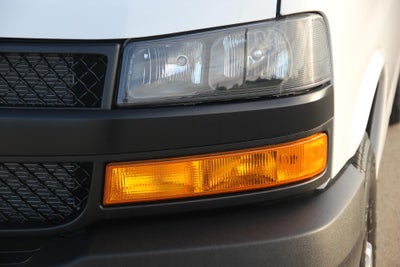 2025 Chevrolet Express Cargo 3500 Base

---

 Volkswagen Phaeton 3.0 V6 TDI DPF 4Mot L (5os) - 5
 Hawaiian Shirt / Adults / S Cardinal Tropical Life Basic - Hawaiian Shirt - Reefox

* _DIRECTIONS FOR THIS TASK_
Write down exactly the span of lines above from the one containing "Volkswagen Phaeton 3.0" to the one containing "Hawaiian Shirt /", both ends included.

* _RESPONSE AREA_
 Volkswagen Phaeton 3.0 V6 TDI DPF 4Mot L (5os) - 5
 Hawaiian Shirt / Adults / S Cardinal Tropical Life Basic - Hawaiian Shirt - Reefox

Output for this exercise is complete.